See the winter issue of Holistic Primary Care (subscription required) P. 6 and Meisinger C, Journal of Internal Medicine 2005; 258:527-535.

Tuesday, January 20, 2009

The Power of Hope

The Journal of the American Medical Association in their last issue of 2008 contained a wonderful editorial that some of my colleagues really need to listen to. They pointed out that physicians should remember “(every) encounter with a patient should leave the patient emotionally more able to deal with his or her illness….Most importantly, no patient should ever leave a visit with a physician without a sense of hope.” This is at the core if Integrative Medicine, and I endorse this “science of care” with enthusiasm.

See JAMA 2008, volume 300, No. 24, p. 2919 EXTRACT (membership required to see full text)

Thursday, January 15, 2009

Call to Action to Prevent Pulmonary Embolism

Acting Surgeon General Steven K. Galson joined the Venous Coalition to issue a Call to Action to prevent deep vein clotting and pulmonary embolism. Coumadin is generally recommended for patients undergoing major surgery or prolonged bed rest at home or in the hospital, but is often not prescribed. Many patients who die of pulmonary embolism are misclassified as having suffered a heart attack. The true incidence of death from PE probably exceeds the total number of deaths from breast cancer, HIV disease and motor vehicle accidents combined. A natural way to help prevent the problem is to take fish oils, a least 1 tbsp a day, which we recommend for practically every adult patient.

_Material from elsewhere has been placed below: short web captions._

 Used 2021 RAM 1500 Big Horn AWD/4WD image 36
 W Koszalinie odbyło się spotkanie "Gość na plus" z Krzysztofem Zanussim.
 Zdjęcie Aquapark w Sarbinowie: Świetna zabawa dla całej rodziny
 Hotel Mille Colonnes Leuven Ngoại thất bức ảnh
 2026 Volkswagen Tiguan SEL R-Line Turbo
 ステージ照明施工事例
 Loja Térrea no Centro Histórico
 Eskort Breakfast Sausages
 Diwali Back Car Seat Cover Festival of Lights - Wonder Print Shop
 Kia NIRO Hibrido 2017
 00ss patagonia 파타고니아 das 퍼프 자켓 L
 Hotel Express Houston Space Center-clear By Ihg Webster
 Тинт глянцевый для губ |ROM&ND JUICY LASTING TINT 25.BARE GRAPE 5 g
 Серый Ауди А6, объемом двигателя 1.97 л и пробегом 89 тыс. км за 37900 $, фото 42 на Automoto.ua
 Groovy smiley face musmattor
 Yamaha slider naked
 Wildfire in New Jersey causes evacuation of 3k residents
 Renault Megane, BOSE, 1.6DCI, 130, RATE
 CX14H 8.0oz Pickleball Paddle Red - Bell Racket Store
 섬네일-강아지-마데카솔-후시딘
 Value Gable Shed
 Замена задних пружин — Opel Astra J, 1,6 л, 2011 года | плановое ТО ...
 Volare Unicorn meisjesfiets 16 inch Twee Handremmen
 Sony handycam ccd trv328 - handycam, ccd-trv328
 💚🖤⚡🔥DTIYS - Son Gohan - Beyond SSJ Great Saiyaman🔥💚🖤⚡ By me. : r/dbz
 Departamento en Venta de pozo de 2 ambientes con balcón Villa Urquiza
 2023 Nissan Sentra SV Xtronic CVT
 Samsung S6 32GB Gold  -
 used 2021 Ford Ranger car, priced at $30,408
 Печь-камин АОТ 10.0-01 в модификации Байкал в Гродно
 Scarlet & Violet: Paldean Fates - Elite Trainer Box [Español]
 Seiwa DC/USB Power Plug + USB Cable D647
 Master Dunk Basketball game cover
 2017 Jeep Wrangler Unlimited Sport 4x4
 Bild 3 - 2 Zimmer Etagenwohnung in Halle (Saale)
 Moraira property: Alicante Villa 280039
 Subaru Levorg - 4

National Heart, Lung, and Blood Institute and the Venous Coalition

Tuesday, January 13, 2009

Quit Smoking for Free

A study in the American Journal for Preventative Medicine (membership required) indicated that 85% of smokers preferred to contact a free telephone quit-smoking line to going to a doctor to stop smoking. Advantages include cost, convenience and anonymity. Experienced counselors will create an individualized quit plan for anyone who contacts them at the National Network of Tobacco Cessation Guidelines (1-800-784-8669). Offer this number to anyone you think might benefit. It is up to the smoker to make the phone call. Sometimes, all it takes is a nudge in the right direction.

National Network of Tobacco Cessation Guidelines (1-800-784-8669).

Thursday, January 8, 2009

Food Allergies Increasing

A study by the National Center for Health Statistics showed that the incidence of food allergies in children increased by 19-24% in the decade beginning in 1997. This only included IGE-type food allergies manifesting in asthma, eczema, respiratory and digestive problems. The study did not include IGG-mediated reactions, which we have found to be the most common type of food allergies. Most children with any type of recurrent problem that affects the immune system should be tested for food allergies. Treatment can consist of avoidance of the offending food(s) or desensitization with such techniques as SRT and LDA, neither of which is commonly available but both of which are usually quite effective, in our experience. For more info contact COHA or go to

Resources: National Center for Health Statistics and Family Practice News, November 1, 2008, P. 18

Tuesday, January 6, 2009

Avoid Plavix with Heartburn Drugs

The Associated Press reported this fall that patients who combine Plavix with acid-reducers such as Nexium, Protonix, and Prilosec greatly increase their risks of a heart attack, which is exactly opposite of the purpose of the Plavix. Most of the beneficial effect of Plavix is only in the first 30 days after a cardiac event. There are many natural and safer ways to make the platelets slippery and avoid clotting, including fish oils, garlic and nattokinase.